Así fue como decidí dar más importancia a los personajes desde el principio, y ya me ocuparía después de la historia que los haría interactuar entre sí. Debía establecer cómo eran físicamente, qué cosas les gustaban, qué querían, qué odiaban, qué necesitaban, qué debilidades tenían, qué cosas les obsesionaban, qué comían, dónde lo hacían, cómo se vestían, dónde y cómo se divertían, con quién se acostaban y por qué, cómo se ganaban la vida… Muchos de estos datos no estrán explícitamente en la narración final, pero haciendo tal cosa creo que haré personajes más interesantes para mi novela, tendrán un pasado que les ha conducido hasta el momento en que comienza la narración y que determinará en gran parte lo que sientan y lo que hagan frente a los acontecimientos que ocurrirán.
Por todo esto, si mi protagonista y narrador va a ser un detective privado, nesecitaba saber por qué se hizo detective privado.

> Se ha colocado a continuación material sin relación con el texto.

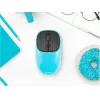 Tracer Wave RF 2,4 GHz Kabellose Maus, Türkis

Me gusta mucho que el padre de mi protagonista fuese policía y tuviera un papel principal en la elección profesional de éste. Imagino al padre como un buen policía, nada de corrupciones ni de problemas con drogas, alcohol, prostitución o robos, nada de gatillo fácil, sólo un policía corriente, con problemas habituales, que cumple con su trabajo según las leyes. ¿Hay algo más revolucionario en una novela de este género que un policía que sea una persona normal? Mi protagonista, bajo la influencia de su padre, decide estudiar derecho para convertirse en juez o fiscal, así es de ambicioso el chaval, así de claro lo tiene, y al acabar la carrera, gracias a algunos contactos de su padre, logra entrar como becario/pasante en un prestigioso despacho de abogados, el de Miguel Soria (lo que me recuerda que tengo que hacer y poner en alguna parte una lista de personajes), que es, como mínimo, una persona polémica que fue juez, se interesa a veces por la política, y ha creado una red de empresas diversificadas que lo están convirtiendo en un hombre muy, muy, muy rico, aunque no siempre de manera ética. Su estancia en el bufete es corta, no llega al año, pero lo cambia para siempre: cuando deja el despacho de abogados, antes de tiempo y con malos modos y mucho mal rollo con todo el mundo, estudia criminología, obtiene una licencia de detective privado, y tras pasar cuatro años trabajando para alguna agencia de detectives decide que ha llegado el momento de trabajar sólo para él mismo y monta su minúscula agencia de investigaciones.
Además de enriquecer al personaje, me quito de encima algo que ha pesado mucho sobre mi argumento, ya que debía relacionar a mi protagonista con un abogado que lo chantajea para que traicione la confianza de su cliente, y necesitaba un vínculo entre los dos que no conseguía tener hasta que imaginé este pasado. Sigo sin decidirme por el objeto del chantaje, pero sea cual sea, ahora dispongo de muchas más opciones que antes de establecer que el detective trabajó para el abogado.